No médio prazo, Arrion acredita que possa haver investimentos em novas plantações equipadas com irrigação, tanto em regiões amazônicas, como no Pará, como em novas geografias, como em São José do Rio Preto (SP).
Ao menos para a safra 2025/26, a previsão dele vai ao encontro das estimativas divulgadas nesta semana pela StoneX. Segundo a consultoria, o Brasil deve ter uma safra de 215 mil toneladas, puxada pelo cenário climático mais favorável, e um aumento de quase 5% na área plantada no Pará que pode impulsionar a produção nas safras seguintes.
Queda no consumo contém deficit
Arrion diz que o próximo ano ainda será de mercado “nervoso”, situação que perdura desde a safra 2022/23, quando a produção na Costa do Marfim e em Gana, os maiores produtores mundiais, surpreendeu negativamente — o resultado foi um rally histórico que quadriplicou as cotações internacionais.
Segundo o executivo da ICCO, uma vez repassado aos consumidores, esse aumento nas cotações provocou uma queda no consumo, e isso — não a recuperação da oferta — é que tem sido determinante para atenuar o deficit de estoques globais.
De acordo com Arrion, países como Brasil, Equador, Camarões e Nigéria devem ter aumentos de produção mais que compensando as perdas na África Ocidental.
O vizinho sul-americano é destaque: segundo a StoneX, a produção equatoriana vai subir expressivos 38% para 580 mil toneladas.
“Em Costa do Marfim e Gana, responsáveis por metade da produção mundial, quatro motivos explicam a provável queda na próxima safra. Um é a mudança no regime de chuvas. Outro, o vírus do broto inchado, uma doença que afetou 30% da lavoura. A terceira razão é o envelhecimento das árvores, e a quarta, o envelhecimento dos produtores, em um cenário de difícil sucessão no campo.”
Segundo ele, as décadas de preços baixos afastaram as novas gerações dos cacaueiros, mas a recente alta nas cotações pode mudar esse cenário. “Hoje, uma lavoura de cacau é rentável; eu não teria dito isso há três anos.”
De acordo com Arrion, o cenário ideal para uma estabilização do mercado incluiria a recuperação na produção africana em 2026/27, em paralelo com uma retomada da demanda na América do Norte e na Europa, os principais mercados consumidores.

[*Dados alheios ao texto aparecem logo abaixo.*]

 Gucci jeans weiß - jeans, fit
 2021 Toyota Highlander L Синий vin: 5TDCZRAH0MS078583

“Não gosto da ideia de voltarmos aos preços baixos, isso seria um desastre para toda a cadeia. Acredito que haja um consenso no setor, incluindo as grandes indústrias, de que o mais saudável seria manter os preços onde estão hoje”, diz Arrion.

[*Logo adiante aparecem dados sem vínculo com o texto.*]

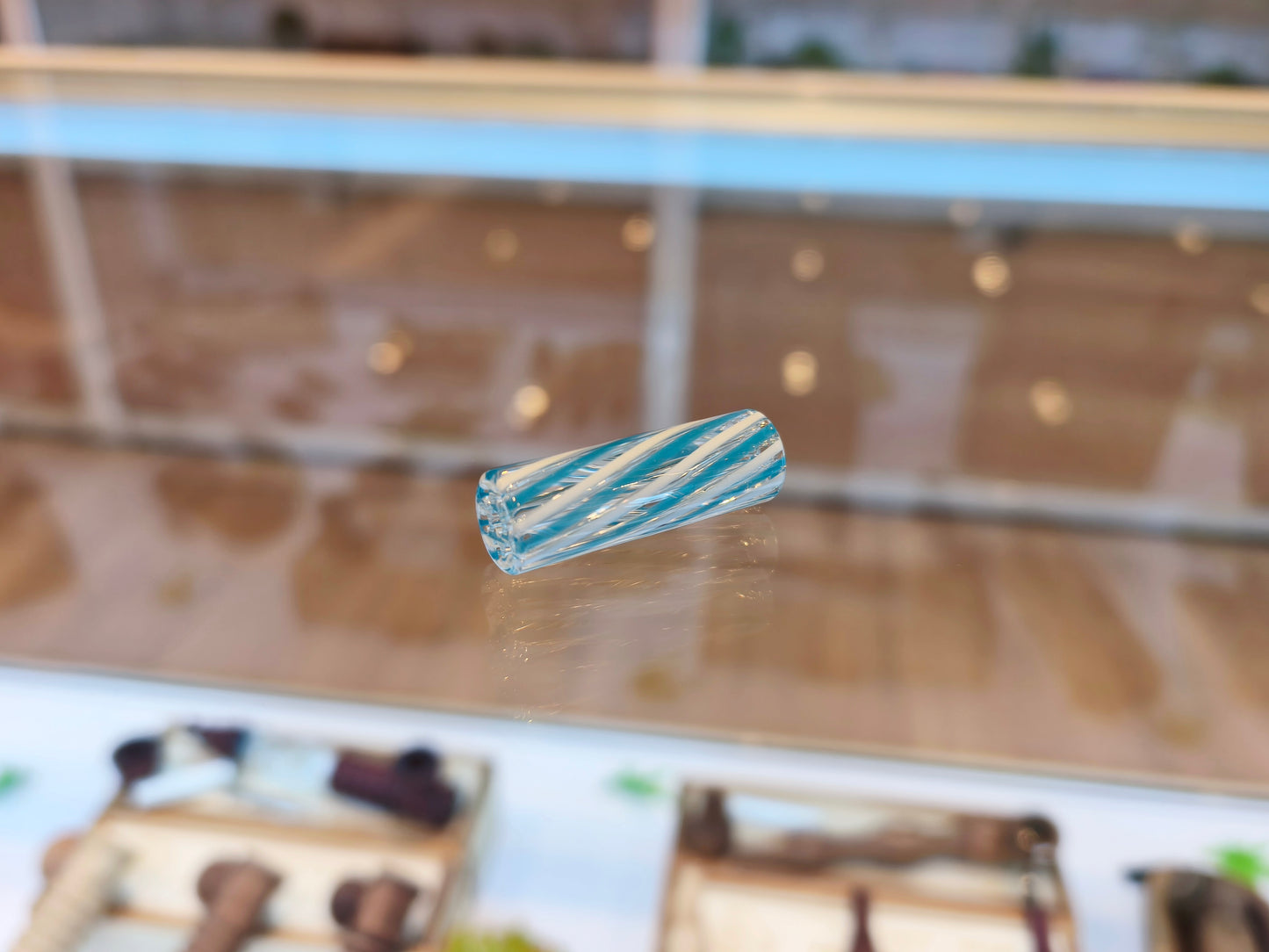 Glass Filter Tip - 10mm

As estimativas serão mais precisas em março, quando a ICCO deve divulgar suas primeiras projeções para a safra. “As condições para uma retomada na produção estão colocadas. Mas são hipóteses, é difícil prever o que pode acontecer mesmo em um período curto, de seis meses.”

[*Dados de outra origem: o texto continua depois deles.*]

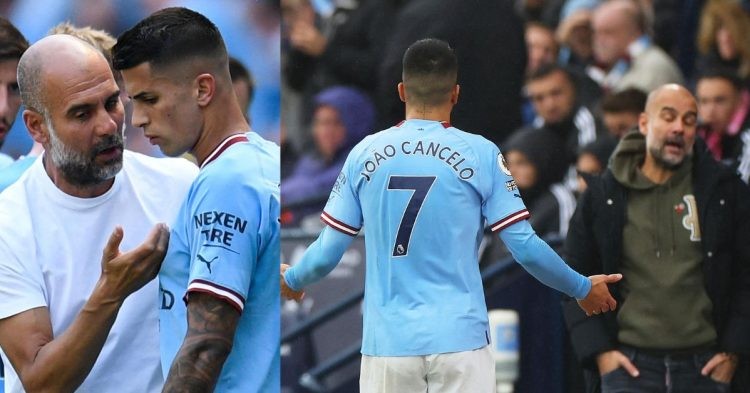 Joao Cancelo will be loaned to Bayern Munich after having a fallout with Pep Guardiola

Substituição do cacau no chocolate
No Brasil, o aumento de preços nos últimos dois anos acelerou um movimento de produtos chamados de chocolate, mas feitos de “substitutos de cacau”, como o amendoim.
De acordo com Arrion, essa é uma tendência global. “Desde os anos 1970, a indústria testa substitutos à manteiga do cacau. Na União Europeia, os reguladores definiram em 5% o máximo de óleos diferentes no produto para poder chamá-lo de chocolate.”
Mais recentemente, vêm se popularizando os “compostos de chocolate”, produtos que usam óleos vegetais mais baratos que o de cacau. “Em muitos países onde a renda é mais baixa, mesmo as marcas famosas já vendem ‘compostos de chocolate’.”
Há também pesquisas para substituir totalmente o licor de cacau — o produto resultante da moagem que é a base para o chocolate — ou mesmo para criar chocolate em laboratório.
“Temos visto produtos que usam outras matérias-primas para simular o cacau, como a alfarroba, além de alguns grãos e cerais. Nesse caso, não se trata de substituir a manteiga, mas de trocar tudo. E há laboratórios tentando criar cacau artificial. Não vejo isso escalando em breve, mas nunca se sabe o que pode ocorrer no longo prazo.”